Formality of Sinha's cosimplicial model for long knots spaces and the Gerstenhaber algebra structure of homology

TL;DR

This paper proves the formality of Sinha's cosimplicial model for long knots spaces, simplifies the proof of spectral sequence collapse, and establishes a Poisson algebra structure on homology for N > 3.

Contribution

It provides a direct proof of formality for Sinha's cosimplicial space and demonstrates the Poisson algebra structure of the homology of long knots.

Findings

Formality of Sinha's cosimplicial space established

Spectral sequence collapses at page 2 for N > 2

Homology is isomorphic to a Poisson algebra for N > 3

Abstract

Sinha has constructed a cosimplicial space X for a fixed integer N. One of his main result states that for N > 3, X is a cosimplicial model for the space of long knots (modulo immersions).

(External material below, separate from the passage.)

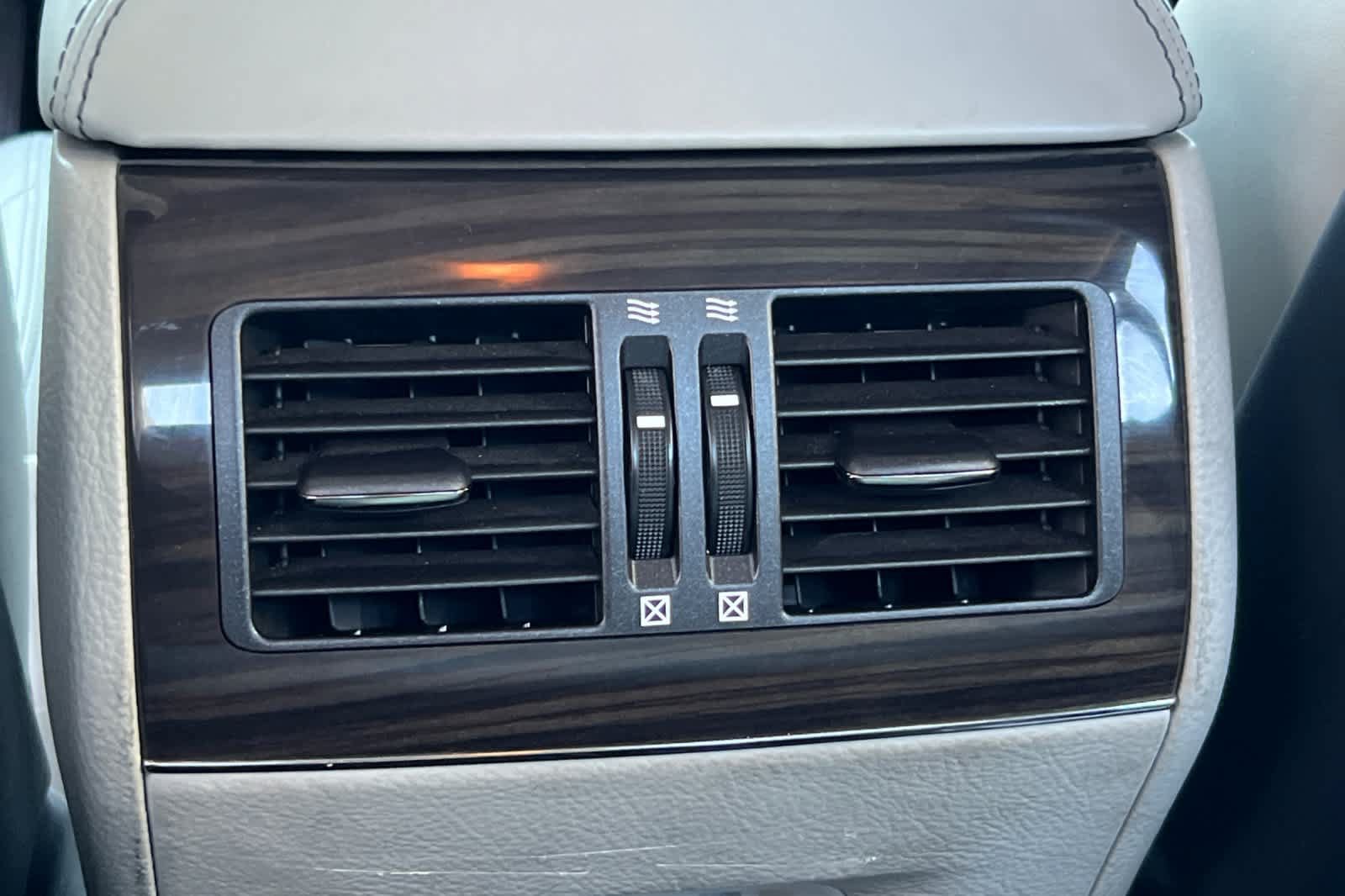 Used 2014 Lexus LS 460 w/ Comfort Package RWD image 14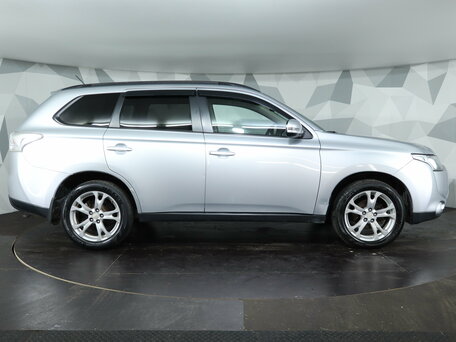 2013 Mitsubishi Outlander III, серебристый, 1149000 рублей, вид 4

On the other hand, Lambrechts, Turchin and Volic showed that for N > 3 the homology Bousfield-Kan spectral sequence associated to Sinha's cosimplicial space collapses at the page 2 rationally. Their approach consists first to prove the formality of some other diagrams approximating X and next deduce the collapsing result. In this paper, we prove directly the formality of Sinha's cosimplicial space and this allows us to construct a very short proof of the collapsing result for N > 2. Moreover, we prove that the isomorphism between the page 2 and the rational homology of the space of long knots modulo immersions is of Poisson algebras, when N > 3.